Tuesday, March 21, 2017

tentang menjadi stay at home mom

Pada suatu malam, dalam sebuah pillow talk, saya dan suami membicarakan masalah keuangan terkait biaya renovasi rumah. 

"Oh ya, sekarang kita juga harus membangun kamar pembantu.." kata saya.
"Buat apa?"
"Ya nanti kalau aku sudah melahirkan, kita harus hire pembantu untuk jaga anak, atau ya opsi lain kita titipin di day care."

Lalu suami saya diam. Saya juga diam. Lalu beberapa detik kemudian, dia bilang sesuatu yang cukup membuat saya kaget. 
"Bagusnya sih ya anak yang urus ya ibunya.. bukan pembantu.." 
Saya menelan ludah.


Saat ini saya sedang hamil tiga bulan. Saya paham betul maksud suami saya. Kalimat singkat, padat yang dibuat untuk menyindir saya. Ide tentang saya menjadi stay at home mom terus terang membuat saya ketakutan. Sejak masih kuliah saya sudah terbiasa kerja mencari uang. Alasannya sederhana saja. Saya bukan cucu keluarga Cendana dan saya suka jajan tiket. Dua fakta yang tak saling mendukung secara finansial. Tiket di sini maksudnya adalah tiket pesawat atau tiket kereta, atau tiket kemana saja yang penting jalan-jalan. Ya, saya suka jajan dan jalan-jalan.

Hobi menyebalkan ini yang membuat saya mau tak mau harus giat mencari uang sendiri. Jaman saya masih kuliah dulu, i paid for my trip to Singapore, Thailand, Vietnam, Hong Kong, Macau, etc, with my own money. Bangga? Iya dong. Duit hasil keringet sendiri, nih! Saat yang lain merengek-rengek minta duit buat liburan kuliah ke ibu bapaknya, saya sih cuma ngerengek-rengek minta izin aja, duitnya udah punya sendiri. Itu pun kadang ga diizinin saya tetap pergi. #anakdurhaka. Tapi seriusan, punya duit sendiri itu asik. So liberating. 

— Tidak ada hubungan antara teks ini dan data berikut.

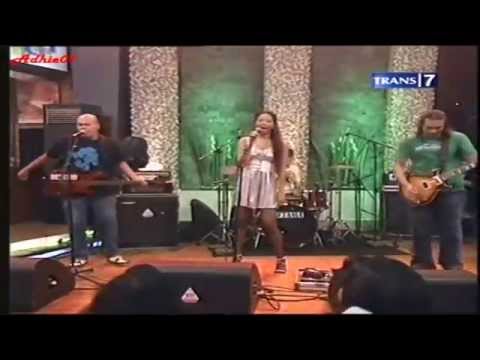 Netral Feat Saras Dewi ~ Cinta Gila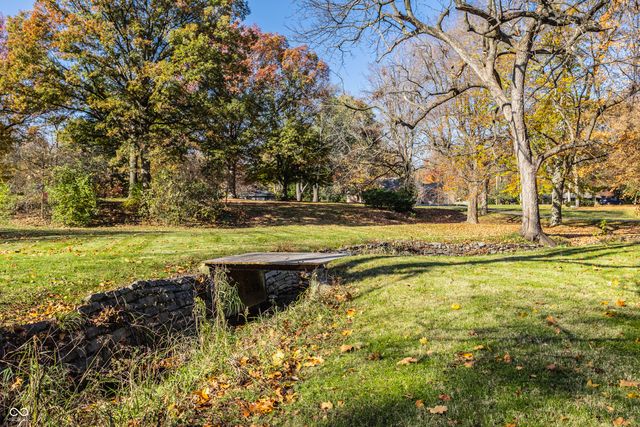 9215 Kerwood Drive, Indianapolis, IN 46240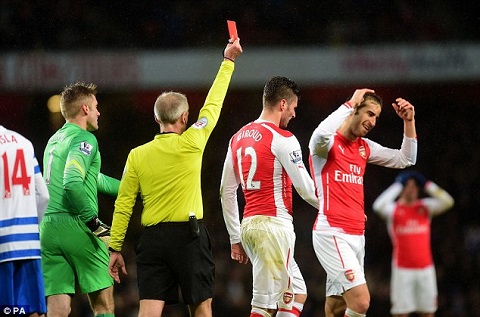 Giroud “lĩnh đòn” từ HLV Wenger sau khi nhận thẻ đỏ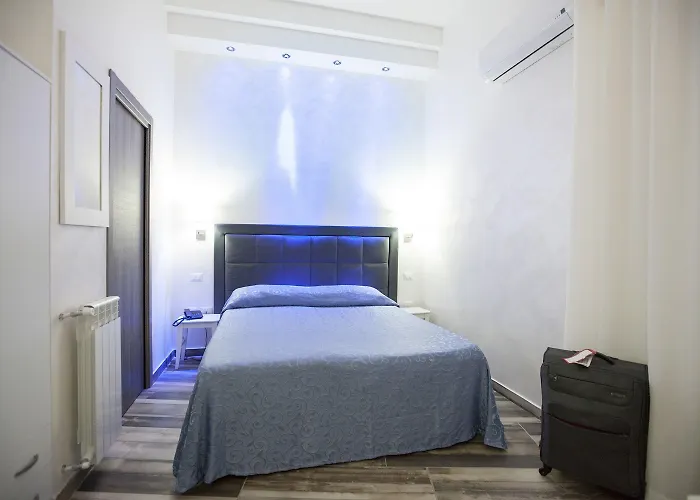 Bed & Breakfast Garibaldi Square Napoli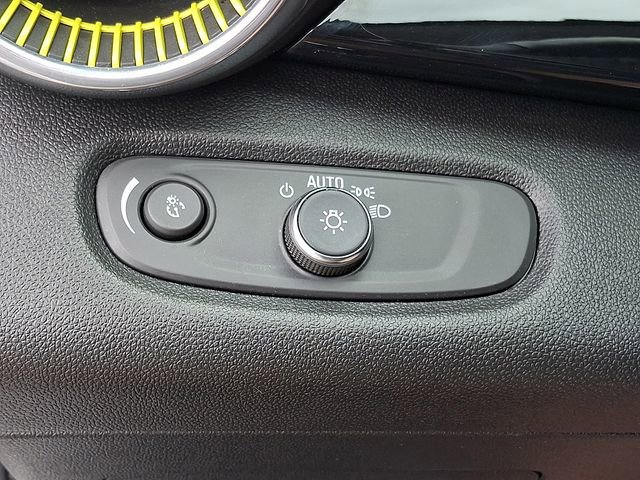 Used 2024 Chevrolet Trax ACTIV w/ Driver Confidence Package image 24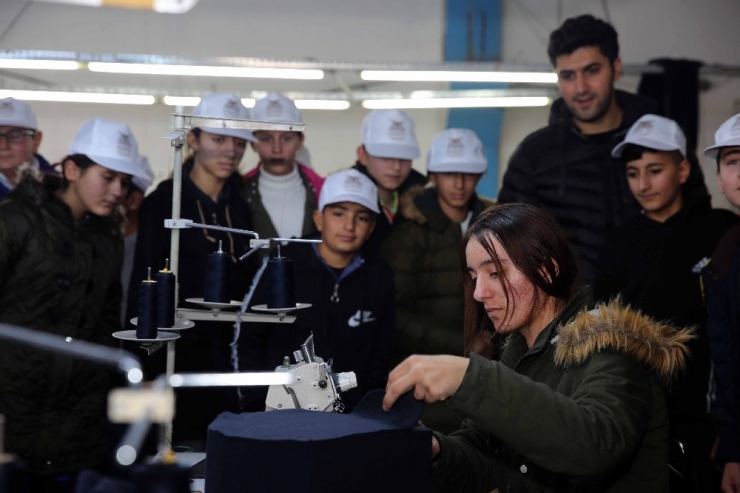 Kızıltepeli Öğrenciler Osb’deki Fabrikaları Gezdi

Di sisi lain, tentu saya bukan mau meremehkan kemampuan finansial suami, apalagi menolak rejeki bisa leyeh-leyeh tanpa perlu bekerja di kantor, tapi membayangkan wacana bahwa nanti saya tak punya uang sendiri cukup membuat saya bergidik. Suami saya memang tak pernah absen menyetorkan penghasilannya untuk menafkahi saya. Pun saya tak bermaksud menyinggung atau merendahkan perempuan dengan profesi Ibu Rumah Tangga. Tapi punya uang sendiri itu sensasinya berbeda. Membeli sesuatu tanpa harus meminta uang ke orang lain atau tanpa harus meminta izin untuk membeli sesuatu itu rasanya sangat menyenangkan. Seperti punya kekuasaan dan kekuatan yang tak bisa diganggu-gugat. Hasil keringat saya, hak saya. Its my own territory. I feel safe. That's all. 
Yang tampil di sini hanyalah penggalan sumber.